■ TASK REQUIREMENTS
Across the entries below, how many lines have the string "autumn" in them? Reply with only the number.

■ DATA SUPPLIED

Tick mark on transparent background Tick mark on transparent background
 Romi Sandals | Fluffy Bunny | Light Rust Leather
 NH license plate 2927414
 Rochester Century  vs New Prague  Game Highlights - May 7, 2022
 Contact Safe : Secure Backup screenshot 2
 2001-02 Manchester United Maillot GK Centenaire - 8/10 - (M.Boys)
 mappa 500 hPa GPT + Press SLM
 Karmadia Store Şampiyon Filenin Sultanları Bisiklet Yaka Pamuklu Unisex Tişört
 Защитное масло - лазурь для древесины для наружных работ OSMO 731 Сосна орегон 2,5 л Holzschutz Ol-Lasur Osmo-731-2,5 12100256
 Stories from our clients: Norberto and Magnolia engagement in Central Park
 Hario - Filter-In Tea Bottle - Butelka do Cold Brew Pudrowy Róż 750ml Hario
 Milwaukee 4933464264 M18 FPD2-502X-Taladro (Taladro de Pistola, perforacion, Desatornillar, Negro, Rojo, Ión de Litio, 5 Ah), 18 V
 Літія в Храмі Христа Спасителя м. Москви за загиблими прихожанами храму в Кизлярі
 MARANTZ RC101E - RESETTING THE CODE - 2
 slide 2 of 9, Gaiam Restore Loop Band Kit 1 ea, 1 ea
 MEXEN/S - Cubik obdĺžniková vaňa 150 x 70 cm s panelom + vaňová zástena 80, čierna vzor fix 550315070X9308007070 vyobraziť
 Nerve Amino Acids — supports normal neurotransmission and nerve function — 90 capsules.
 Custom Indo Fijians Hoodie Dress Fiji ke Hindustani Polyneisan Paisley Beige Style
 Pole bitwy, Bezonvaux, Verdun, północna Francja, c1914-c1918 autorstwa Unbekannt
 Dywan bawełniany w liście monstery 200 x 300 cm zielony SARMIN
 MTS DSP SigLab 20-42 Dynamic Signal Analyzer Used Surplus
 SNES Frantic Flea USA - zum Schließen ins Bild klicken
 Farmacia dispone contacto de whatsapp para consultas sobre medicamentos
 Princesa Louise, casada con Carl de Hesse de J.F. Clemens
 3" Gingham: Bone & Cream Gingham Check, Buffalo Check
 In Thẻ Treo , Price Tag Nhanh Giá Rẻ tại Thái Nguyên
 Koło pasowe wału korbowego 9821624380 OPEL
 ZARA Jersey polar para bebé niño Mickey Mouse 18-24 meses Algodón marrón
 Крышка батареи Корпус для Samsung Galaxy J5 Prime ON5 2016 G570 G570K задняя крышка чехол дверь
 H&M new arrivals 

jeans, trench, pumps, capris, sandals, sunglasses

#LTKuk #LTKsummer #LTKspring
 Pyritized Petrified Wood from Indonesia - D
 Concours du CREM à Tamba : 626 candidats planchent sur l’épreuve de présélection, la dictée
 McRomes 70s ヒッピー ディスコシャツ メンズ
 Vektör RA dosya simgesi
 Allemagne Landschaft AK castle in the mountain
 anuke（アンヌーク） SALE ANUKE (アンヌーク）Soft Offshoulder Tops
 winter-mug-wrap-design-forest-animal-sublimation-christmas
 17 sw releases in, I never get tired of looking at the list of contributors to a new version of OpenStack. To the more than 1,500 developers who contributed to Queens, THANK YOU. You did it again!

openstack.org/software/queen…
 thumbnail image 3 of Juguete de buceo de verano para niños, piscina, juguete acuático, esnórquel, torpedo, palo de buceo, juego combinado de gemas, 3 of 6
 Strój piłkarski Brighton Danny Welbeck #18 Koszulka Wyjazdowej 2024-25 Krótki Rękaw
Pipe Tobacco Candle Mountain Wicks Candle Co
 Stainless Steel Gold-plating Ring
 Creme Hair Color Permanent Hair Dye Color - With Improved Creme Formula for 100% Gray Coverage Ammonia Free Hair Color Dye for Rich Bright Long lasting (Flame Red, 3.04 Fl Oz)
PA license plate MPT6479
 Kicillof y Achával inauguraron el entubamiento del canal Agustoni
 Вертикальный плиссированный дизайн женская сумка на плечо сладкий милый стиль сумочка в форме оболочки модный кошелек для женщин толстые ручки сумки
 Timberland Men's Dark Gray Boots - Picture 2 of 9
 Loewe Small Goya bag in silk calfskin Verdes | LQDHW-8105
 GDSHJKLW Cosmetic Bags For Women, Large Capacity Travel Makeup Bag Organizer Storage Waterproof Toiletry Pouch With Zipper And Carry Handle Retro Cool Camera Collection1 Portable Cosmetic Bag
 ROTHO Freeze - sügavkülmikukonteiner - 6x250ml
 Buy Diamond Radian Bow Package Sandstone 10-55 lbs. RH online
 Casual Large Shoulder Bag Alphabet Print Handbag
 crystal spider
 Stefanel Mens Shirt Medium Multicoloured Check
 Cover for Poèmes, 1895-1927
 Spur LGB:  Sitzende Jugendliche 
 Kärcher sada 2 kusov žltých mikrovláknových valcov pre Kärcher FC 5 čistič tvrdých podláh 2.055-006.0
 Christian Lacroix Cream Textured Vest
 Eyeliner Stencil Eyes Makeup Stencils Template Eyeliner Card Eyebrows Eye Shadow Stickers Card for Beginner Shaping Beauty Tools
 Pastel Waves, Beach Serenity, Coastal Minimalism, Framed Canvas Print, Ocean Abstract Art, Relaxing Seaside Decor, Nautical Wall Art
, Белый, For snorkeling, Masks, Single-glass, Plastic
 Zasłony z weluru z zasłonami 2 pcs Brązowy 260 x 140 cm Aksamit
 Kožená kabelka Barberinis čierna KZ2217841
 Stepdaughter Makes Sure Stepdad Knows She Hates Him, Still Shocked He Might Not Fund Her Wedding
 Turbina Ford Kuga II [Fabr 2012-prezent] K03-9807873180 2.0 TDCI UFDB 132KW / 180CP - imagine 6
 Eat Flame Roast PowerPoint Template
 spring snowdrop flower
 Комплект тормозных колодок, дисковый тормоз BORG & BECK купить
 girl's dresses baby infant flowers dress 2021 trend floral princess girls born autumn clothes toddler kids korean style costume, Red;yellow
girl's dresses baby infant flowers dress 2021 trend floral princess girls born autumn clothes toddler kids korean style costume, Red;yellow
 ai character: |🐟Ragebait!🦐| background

■ EXERCISE SOLUTION
2